▶ _WORK TO BE COMPLETED_
Down to the last line below, write out every line exactly, starting with the one that contains "Skeleton of an animal that lived in Ice Age." and leaving out the pictures.

▶ _DATA FOR ANALYSIS_
=== Section Start ===

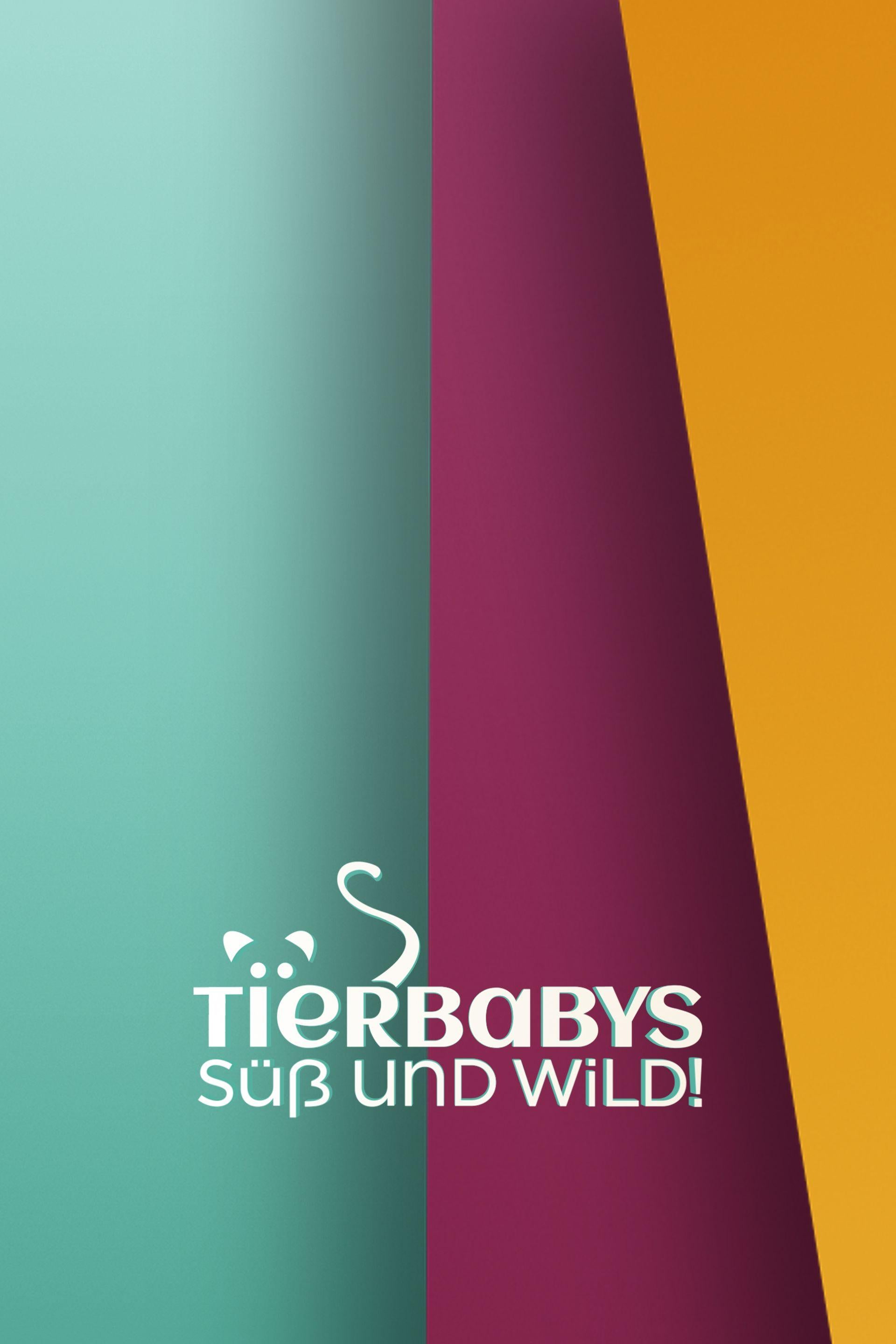 Tierbabys - süß und wild!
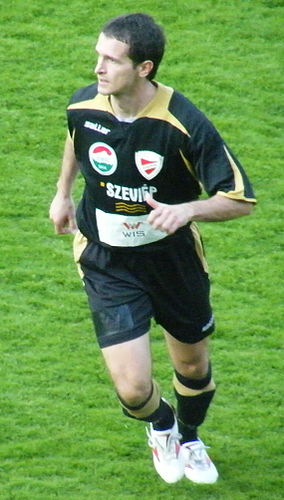 Despot Viskovic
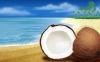 islands coconut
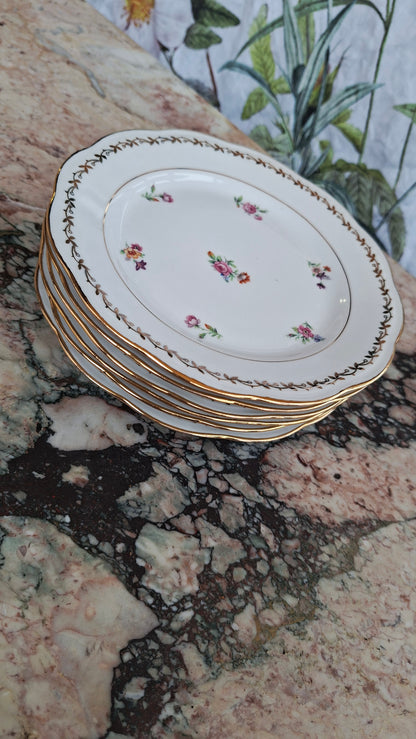 Lot de 6 assiettes à dessert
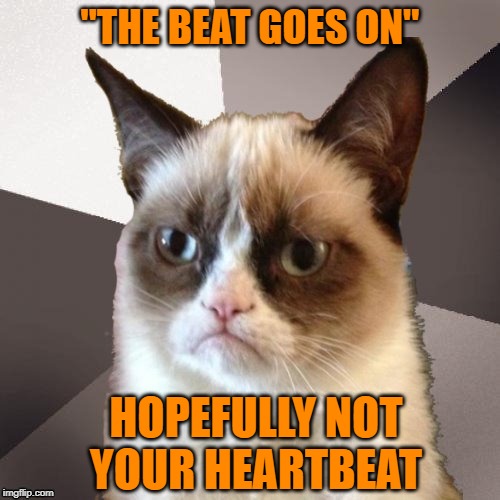Musically Malicious Grumpy Cat | "THE BEAT GOES ON"; HOPEFULLY NOT YOUR HEARTBEAT | image tagged in musically malicious grumpy cat,grumpy cat,cat,meme,sonny and cher | made w/ Imgflip meme maker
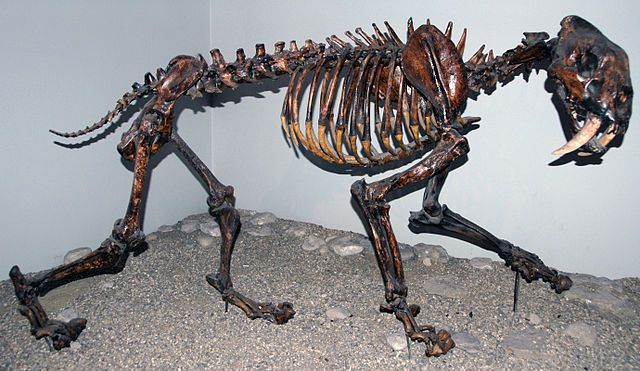Skeleton of an animal that lived in Ice Age. 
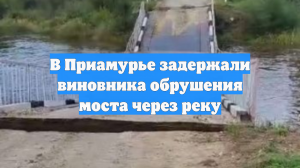 В Приамурье задержали виновника обрушения моста через реку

=== Section End ===

▶ _SOLUTION BELOW_
Skeleton of an animal that lived in Ice Age. 
 В Приамурье задержали виновника обрушения моста через реку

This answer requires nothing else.